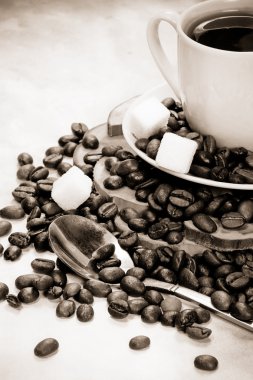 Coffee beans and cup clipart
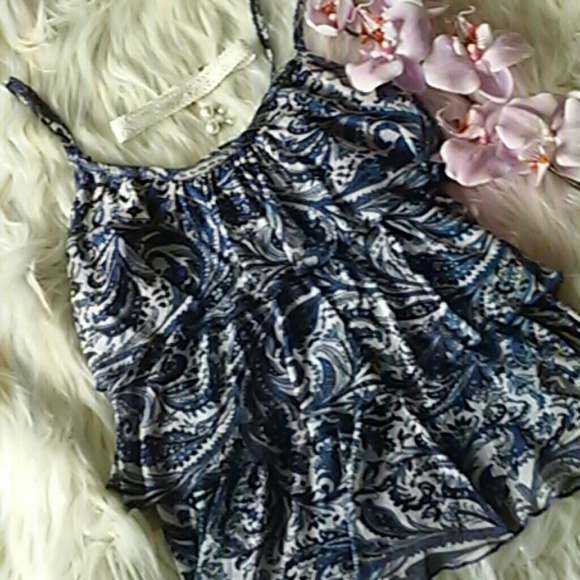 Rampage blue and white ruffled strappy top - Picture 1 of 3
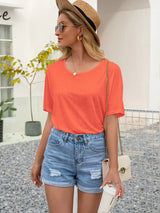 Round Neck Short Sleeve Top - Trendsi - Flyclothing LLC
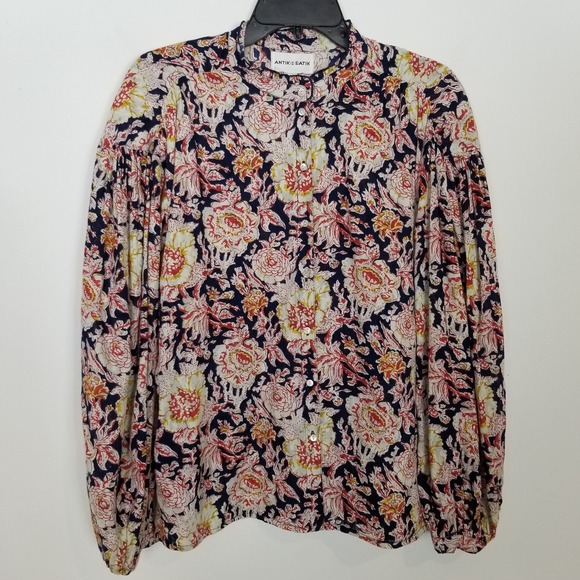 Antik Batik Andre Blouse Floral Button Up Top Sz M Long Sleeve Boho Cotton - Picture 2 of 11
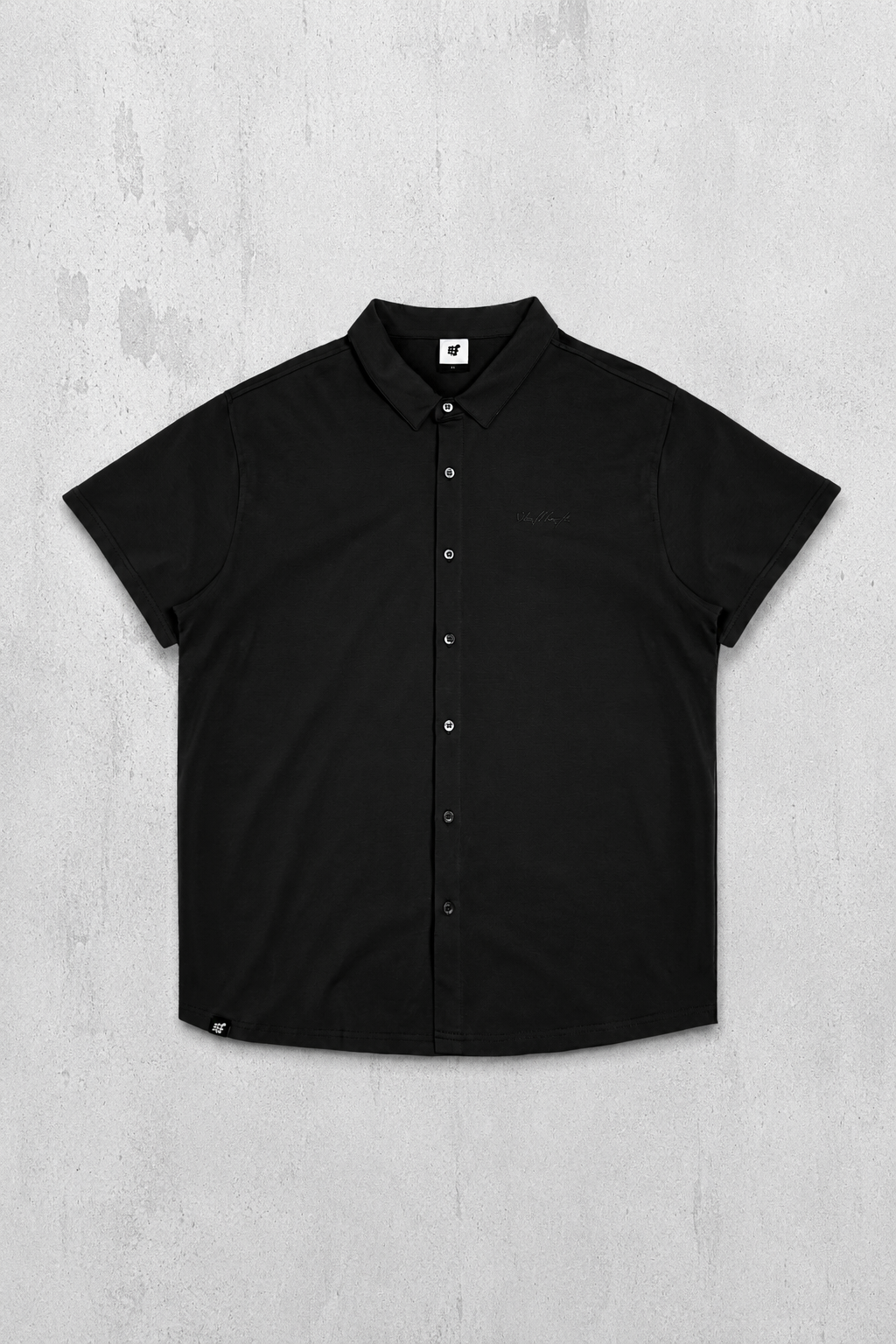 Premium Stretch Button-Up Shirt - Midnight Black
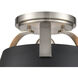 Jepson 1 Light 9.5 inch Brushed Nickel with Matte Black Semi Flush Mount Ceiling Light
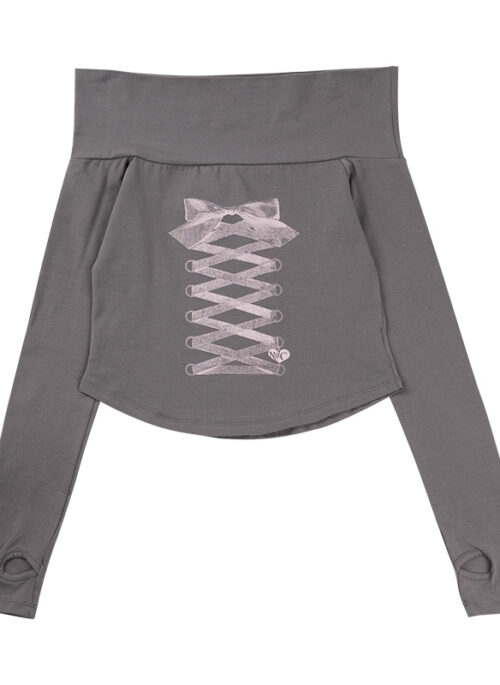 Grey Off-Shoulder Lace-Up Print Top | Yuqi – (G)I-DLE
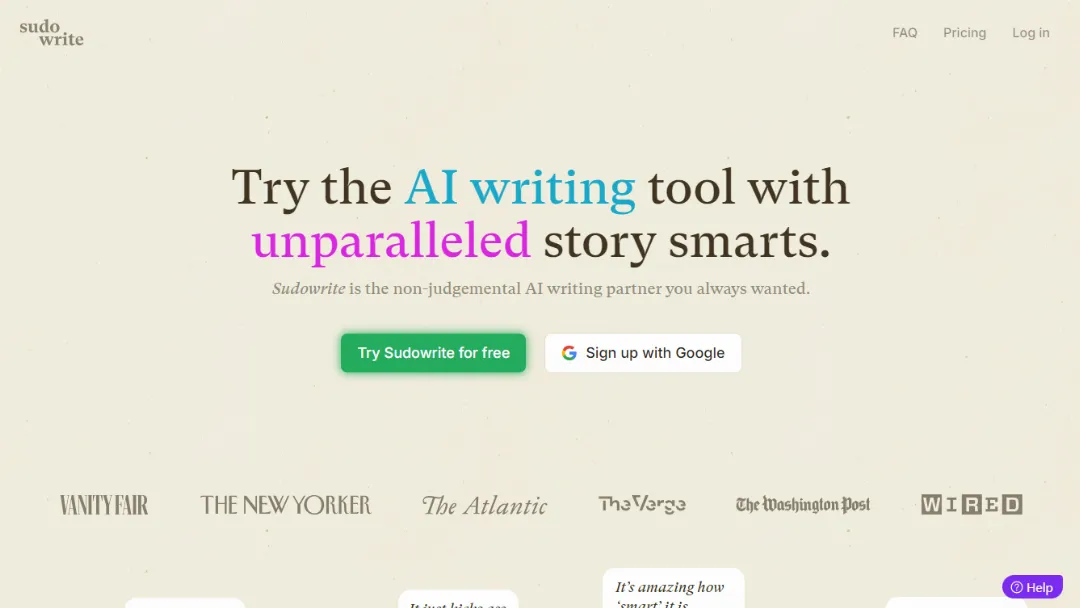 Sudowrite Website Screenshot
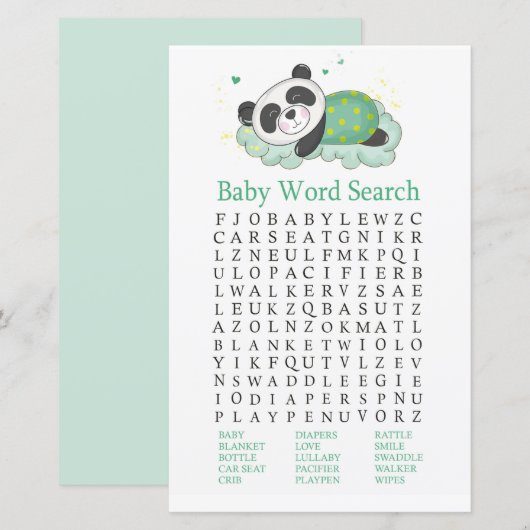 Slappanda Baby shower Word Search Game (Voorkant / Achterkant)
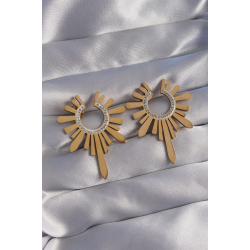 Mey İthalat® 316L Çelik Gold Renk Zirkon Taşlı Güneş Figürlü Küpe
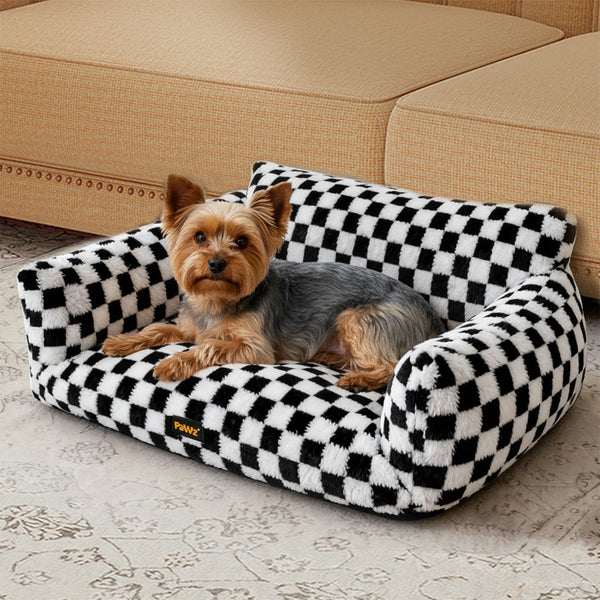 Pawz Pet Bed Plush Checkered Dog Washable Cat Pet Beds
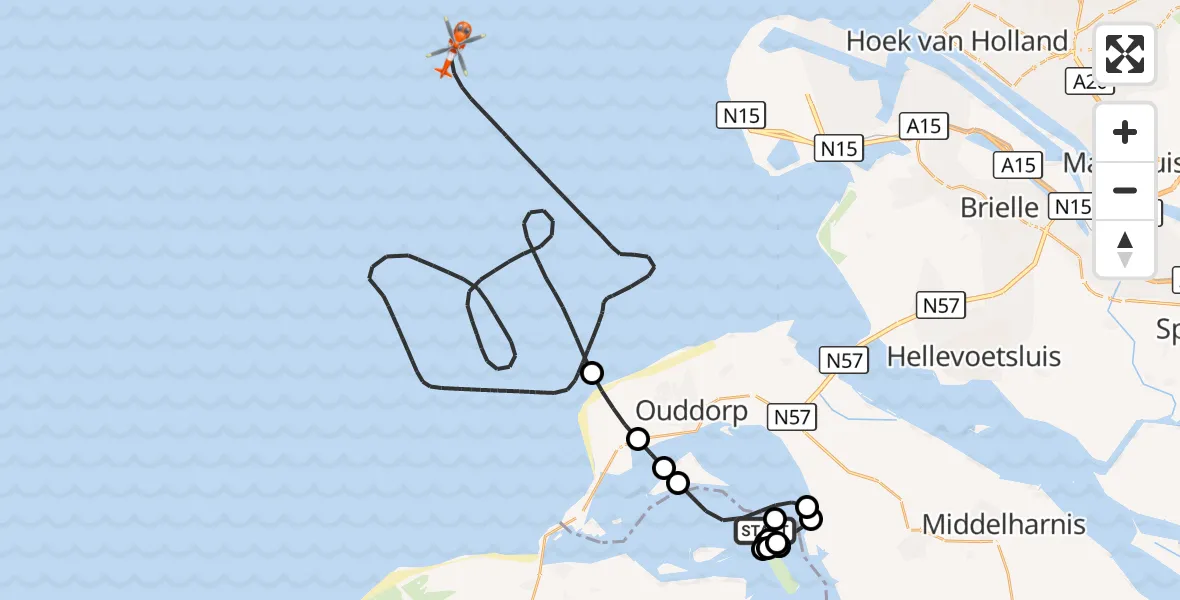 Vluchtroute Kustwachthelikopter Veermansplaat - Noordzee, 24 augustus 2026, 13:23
-------
● **What you are asked to do**
Set down every record exactly as written, but drop the pictures.

● **Task result**
 Coffee beans and cup clipart
 Rampage blue and white ruffled strappy top - Picture 1 of 3
 Round Neck Short Sleeve Top - Trendsi - Flyclothing LLC
 Antik Batik Andre Blouse Floral Button Up Top Sz M Long Sleeve Boho Cotton - Picture 2 of 11
 Premium Stretch Button-Up Shirt - Midnight Black
 Jepson 1 Light 9.5 inch Brushed Nickel with Matte Black Semi Flush Mount Ceiling Light
 Grey Off-Shoulder Lace-Up Print Top | Yuqi – (G)I-DLE
 Sudowrite Website Screenshot
 Slappanda Baby shower Word Search Game (Voorkant / Achterkant)
 Mey İthalat® 316L Çelik Gold Renk Zirkon Taşlı Güneş Figürlü Küpe
 Pawz Pet Bed Plush Checkered Dog Washable Cat Pet Beds
 Vluchtroute Kustwachthelikopter Veermansplaat - Noordzee, 24 augustus 2026, 13:23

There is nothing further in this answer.